What about Gen Z in Vietnam?

Lê Thùy Linh, a 20-year-old currently in her second year at the University of Social Sciences and Humanities (Vietnam National University Ho Chi Minh City), sees herself as progressive, willing to experiment with new ideas, and ready to adapt to change.

Since her student days, Linh has always believed in financial independence, not wanting to rely on allowances or her future spouse’s income. Even if she were to marry someone financially well-off, Linh still prefers working rather than staying at home as a homemaker, believing that homemaking isn’t solely a woman’s responsibility but should be fairly divided.

“When I get married, I don’t want to have children. I enjoy being able to go wherever I want without being tied down by anything. For me, having children would be a burden, not because I dislike kids, but simply because I don’t want to be constrained,” says Linh. She feels fortunate that her family instilled in her the belief in gender equality from a young age, believing that whatever boys can do, girls can do too.

Phạm Đình Tuyên, a 26-year-old IT worker in District 3, Ho Chi Minh City, believes that whether someone is conservative or progressive depends on the situation, but if he were to weigh it, it might be a ratio of 6 to 4 in favor of conservatism. As a tech person, he’s always open to new technologies, being one of the first in his company to use ChatGPT. However, Tuyên acknowledges that he’s somewhat conservative in certain aspects.

For instance, Tuyên feels uncomfortable when faced with a girl smoking heavily in front of him. Once, while out drinking, Tuyên’s friend brought along a female colleague who was around 24 or 25 years old and kept smoking throughout the gathering.
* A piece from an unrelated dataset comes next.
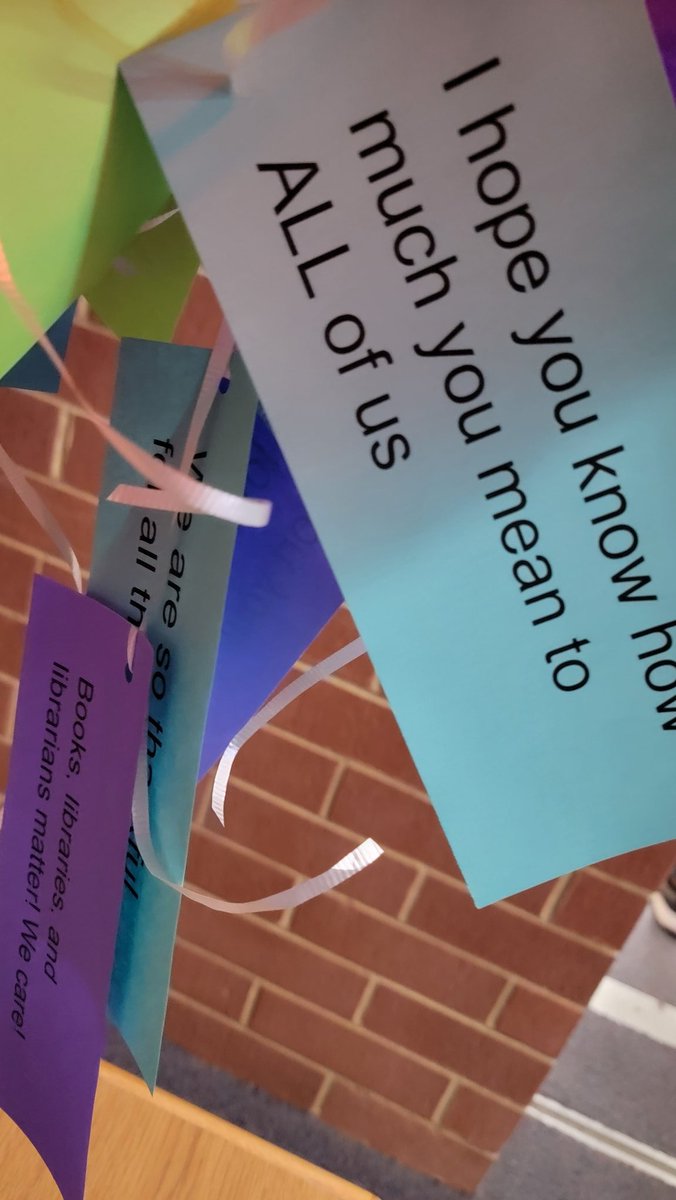 SpotsyLibrary's tweet image. Some wonderful parents in our county organized a campaign for the high school librarians. Each balloon has a sweet and supportive message attached to it.  We are truly part of an amazing community. Thank you @SpotsySchools parents and friends. #morethanbooks #community #value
Moreover, she engaged in conversations about love and sex that made Tuyên blush several times.

Nguyễn Ngọc Lân, a 20-year-old student at the University of Social Sciences and Humanities (Vietnam National University Ho Chi Minh City), identifies himself as progressive. Faced with new trends and perspectives, Lân says he always tries to understand them rather than prematurely judging or criticizing.

Regarding movements like #MeToo, Lân sees significant value in them, aiding many women and children worldwide in combating harassment. Similarly, when it comes to leadership capabilities between genders, faced with various opinions suggesting men are more capable, Lân believes both genders are equally capable; it’s about demonstrating those abilities to others.

Observing his Gen Z peers, Lân senses that there are seemingly more progressive individuals, both male and female. However, some of Lân’s friends seem unable to adapt promptly to societal changes, as Lân puts it, “imposing century-old beliefs onto modern times.”